Data items

——

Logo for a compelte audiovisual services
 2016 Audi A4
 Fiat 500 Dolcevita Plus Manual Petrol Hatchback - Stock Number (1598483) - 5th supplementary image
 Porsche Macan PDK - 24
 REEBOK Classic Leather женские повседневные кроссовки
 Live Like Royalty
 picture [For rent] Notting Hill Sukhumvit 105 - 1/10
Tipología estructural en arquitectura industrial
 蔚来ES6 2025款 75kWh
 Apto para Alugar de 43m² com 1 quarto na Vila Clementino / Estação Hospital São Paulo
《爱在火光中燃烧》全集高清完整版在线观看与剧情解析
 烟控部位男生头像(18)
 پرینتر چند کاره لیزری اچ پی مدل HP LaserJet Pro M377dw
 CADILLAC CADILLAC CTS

——

Your objective: The last part of the records is the answer, beginning at the line that holds "Fiat 500 Dolcevita" and including the final line, repeated exactly.

Solved problem:
 Fiat 500 Dolcevita Plus Manual Petrol Hatchback - Stock Number (1598483) - 5th supplementary image
 Porsche Macan PDK - 24
 REEBOK Classic Leather женские повседневные кроссовки
 Live Like Royalty
 picture [For rent] Notting Hill Sukhumvit 105 - 1/10
Tipología estructural en arquitectura industrial
 蔚来ES6 2025款 75kWh
 Apto para Alugar de 43m² com 1 quarto na Vila Clementino / Estação Hospital São Paulo
《爱在火光中燃烧》全集高清完整版在线观看与剧情解析
 烟控部位男生头像(18)
 پرینتر چند کاره لیزری اچ پی مدل HP LaserJet Pro M377dw
 CADILLAC CADILLAC CTS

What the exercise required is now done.